Thankfully, the one-hour flight from Stockholm to Helsinki was relatively smooth and didn't involve any time travel. (While that might seem fun, 1930s/1940s Europe is somewhere I'd want to avoid.) However, given the delays and the one hour jump in time, I was now running behind schedule as I was planning to meet my friend/former Mansueto Ventures co-intern Laura in downtown Helsinki for dinner.

By the grace of the airline gods, my purse turned up on the conveyor belt quickly with everything in tact. I proceeded to take a 30-minute bus ride into the city and then transferred to the tramway at the Central Railway Station (or as Laura described, the building with the four guys and glass balls). It turned out that my hostel for one night was conveniently located in the city's design district, which reminded me quite a bit of either SoHo for New Yorkers (but less commercial) or Valencia Street in San Francisco. Unfortunately, it was not nearly as nice as the hostel in Stockholm, but then again, it was only for one night.

After dropping my stuff off and not getting to shower, I met Laura in front of my hostel. It was definitely good to see a friend again. She took me to a very trendy restaurant that specializes in Finnish tapas. Given that I've never eaten Finnish food before, I was definitely up for some experimentation. I was certainly put to the test when I sampled reindeer heart, which actually wasn't so bad. It tasted more like smoked ham that one would eat at Christmastime...except then you remember what you were eating.

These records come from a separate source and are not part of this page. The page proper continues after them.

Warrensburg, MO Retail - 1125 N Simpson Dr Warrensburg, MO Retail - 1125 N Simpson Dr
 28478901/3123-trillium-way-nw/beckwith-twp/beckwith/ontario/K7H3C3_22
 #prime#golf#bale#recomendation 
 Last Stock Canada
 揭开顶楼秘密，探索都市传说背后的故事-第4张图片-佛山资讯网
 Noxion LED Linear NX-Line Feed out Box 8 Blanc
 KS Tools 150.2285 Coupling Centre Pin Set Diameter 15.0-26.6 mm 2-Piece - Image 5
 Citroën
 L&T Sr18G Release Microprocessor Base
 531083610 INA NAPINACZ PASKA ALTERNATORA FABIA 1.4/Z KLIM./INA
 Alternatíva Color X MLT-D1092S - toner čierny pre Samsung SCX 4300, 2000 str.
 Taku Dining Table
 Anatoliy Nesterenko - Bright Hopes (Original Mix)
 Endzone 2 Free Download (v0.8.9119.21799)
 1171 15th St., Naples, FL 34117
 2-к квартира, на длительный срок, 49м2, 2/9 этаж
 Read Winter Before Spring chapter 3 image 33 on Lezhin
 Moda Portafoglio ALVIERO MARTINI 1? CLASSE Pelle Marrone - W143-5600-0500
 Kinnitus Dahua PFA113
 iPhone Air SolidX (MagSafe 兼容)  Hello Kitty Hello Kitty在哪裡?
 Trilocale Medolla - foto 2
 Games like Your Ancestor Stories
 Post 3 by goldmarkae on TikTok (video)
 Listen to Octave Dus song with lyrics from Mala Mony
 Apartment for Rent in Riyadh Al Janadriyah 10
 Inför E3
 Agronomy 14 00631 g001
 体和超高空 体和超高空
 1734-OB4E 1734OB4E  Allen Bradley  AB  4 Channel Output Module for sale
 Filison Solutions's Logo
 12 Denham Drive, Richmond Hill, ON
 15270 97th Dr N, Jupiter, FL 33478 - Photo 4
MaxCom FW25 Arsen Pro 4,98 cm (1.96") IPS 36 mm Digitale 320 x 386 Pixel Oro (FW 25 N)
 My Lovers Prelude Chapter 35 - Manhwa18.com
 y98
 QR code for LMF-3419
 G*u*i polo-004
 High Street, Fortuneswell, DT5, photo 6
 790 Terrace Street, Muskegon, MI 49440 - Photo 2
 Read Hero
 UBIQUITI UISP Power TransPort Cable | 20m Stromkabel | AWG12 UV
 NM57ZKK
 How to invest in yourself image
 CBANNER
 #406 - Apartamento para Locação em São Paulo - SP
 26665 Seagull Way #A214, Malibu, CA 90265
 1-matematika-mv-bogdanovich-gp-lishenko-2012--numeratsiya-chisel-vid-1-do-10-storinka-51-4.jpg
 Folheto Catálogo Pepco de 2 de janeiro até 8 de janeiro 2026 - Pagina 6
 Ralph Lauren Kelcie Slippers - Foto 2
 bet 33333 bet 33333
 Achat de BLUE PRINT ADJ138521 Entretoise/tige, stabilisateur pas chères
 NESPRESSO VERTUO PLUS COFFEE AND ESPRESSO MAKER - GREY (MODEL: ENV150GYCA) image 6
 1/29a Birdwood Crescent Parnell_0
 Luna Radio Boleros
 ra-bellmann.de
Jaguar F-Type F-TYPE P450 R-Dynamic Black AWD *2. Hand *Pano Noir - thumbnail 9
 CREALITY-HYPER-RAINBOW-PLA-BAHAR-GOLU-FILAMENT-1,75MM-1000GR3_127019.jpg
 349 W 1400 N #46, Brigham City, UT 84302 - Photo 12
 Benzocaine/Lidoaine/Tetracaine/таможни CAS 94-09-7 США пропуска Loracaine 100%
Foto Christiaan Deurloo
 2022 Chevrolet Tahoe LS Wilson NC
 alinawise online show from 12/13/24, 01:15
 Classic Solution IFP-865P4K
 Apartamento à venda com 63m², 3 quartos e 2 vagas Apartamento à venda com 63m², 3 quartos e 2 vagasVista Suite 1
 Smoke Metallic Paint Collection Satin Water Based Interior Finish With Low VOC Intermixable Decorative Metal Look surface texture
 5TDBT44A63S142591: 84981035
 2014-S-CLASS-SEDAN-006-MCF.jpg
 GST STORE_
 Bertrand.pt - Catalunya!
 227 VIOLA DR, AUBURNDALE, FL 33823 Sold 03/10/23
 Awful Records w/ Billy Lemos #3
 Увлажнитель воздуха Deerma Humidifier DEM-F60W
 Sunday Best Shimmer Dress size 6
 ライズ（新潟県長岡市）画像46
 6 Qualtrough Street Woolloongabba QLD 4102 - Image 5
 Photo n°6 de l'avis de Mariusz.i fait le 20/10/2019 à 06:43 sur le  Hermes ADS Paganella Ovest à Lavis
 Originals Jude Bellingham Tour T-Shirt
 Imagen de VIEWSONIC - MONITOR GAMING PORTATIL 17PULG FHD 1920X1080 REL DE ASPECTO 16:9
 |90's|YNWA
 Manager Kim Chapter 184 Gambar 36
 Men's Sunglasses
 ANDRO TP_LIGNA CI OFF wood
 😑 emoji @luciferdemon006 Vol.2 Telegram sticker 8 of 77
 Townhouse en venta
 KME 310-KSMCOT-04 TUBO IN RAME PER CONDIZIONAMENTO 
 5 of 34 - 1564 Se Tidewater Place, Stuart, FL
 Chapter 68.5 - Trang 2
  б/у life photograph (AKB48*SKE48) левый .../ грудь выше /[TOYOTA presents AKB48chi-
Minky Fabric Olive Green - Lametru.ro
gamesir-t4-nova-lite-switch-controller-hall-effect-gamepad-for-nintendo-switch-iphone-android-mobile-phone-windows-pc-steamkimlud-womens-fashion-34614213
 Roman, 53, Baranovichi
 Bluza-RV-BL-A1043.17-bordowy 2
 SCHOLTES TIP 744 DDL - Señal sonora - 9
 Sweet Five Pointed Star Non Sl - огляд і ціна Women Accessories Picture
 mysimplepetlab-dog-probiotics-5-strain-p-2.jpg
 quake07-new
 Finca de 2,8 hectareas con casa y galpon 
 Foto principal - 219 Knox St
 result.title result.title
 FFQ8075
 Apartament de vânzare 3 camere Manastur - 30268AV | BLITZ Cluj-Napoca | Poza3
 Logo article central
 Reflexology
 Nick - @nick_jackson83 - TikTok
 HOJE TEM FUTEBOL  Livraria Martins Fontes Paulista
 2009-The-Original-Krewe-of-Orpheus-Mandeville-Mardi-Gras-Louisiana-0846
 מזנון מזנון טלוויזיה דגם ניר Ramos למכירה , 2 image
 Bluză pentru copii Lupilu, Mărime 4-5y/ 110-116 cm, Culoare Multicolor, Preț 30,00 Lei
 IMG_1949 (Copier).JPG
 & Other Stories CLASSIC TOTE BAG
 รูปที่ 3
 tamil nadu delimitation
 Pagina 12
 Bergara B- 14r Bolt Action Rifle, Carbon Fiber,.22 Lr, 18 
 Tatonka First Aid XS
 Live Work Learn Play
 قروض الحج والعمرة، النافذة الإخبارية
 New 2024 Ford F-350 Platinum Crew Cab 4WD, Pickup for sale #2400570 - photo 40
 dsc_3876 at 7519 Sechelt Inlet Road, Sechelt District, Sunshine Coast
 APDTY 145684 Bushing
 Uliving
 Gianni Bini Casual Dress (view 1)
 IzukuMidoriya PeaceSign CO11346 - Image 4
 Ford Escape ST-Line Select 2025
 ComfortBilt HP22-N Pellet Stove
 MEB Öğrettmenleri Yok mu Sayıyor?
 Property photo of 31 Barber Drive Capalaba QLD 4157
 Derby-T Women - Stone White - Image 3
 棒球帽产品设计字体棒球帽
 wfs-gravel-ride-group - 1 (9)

We had to call it a night after dinner, as we were getting up early the next morning to meet at the train station to go to Jyväskylä up in central Finland, about three hours away from Helsinki. There were only three other guests in my hostel room. The first one I met was a very nice German girl traveling with her brother staying in another room. The second was a French girl living in London, who was nice but very talkative. The third I didn't really meet, since she came in after we were all asleep already and I saw her when I was leaving early the next morning.

I was blessed with good weather in Helsinki. While it was definitely a few degrees cooler than in Stockholm, it still wasn't too bad and I didn't need to wear my big wool coat. Not to mention, it was quite sunny starting on Saturday. When I arrived on Friday, it was fairly overcast, and combined with the sullen/communist-block architecture I saw on the way from the airport, I wondered if I was behind the Iron Curtain - which is weird considering Finland never was.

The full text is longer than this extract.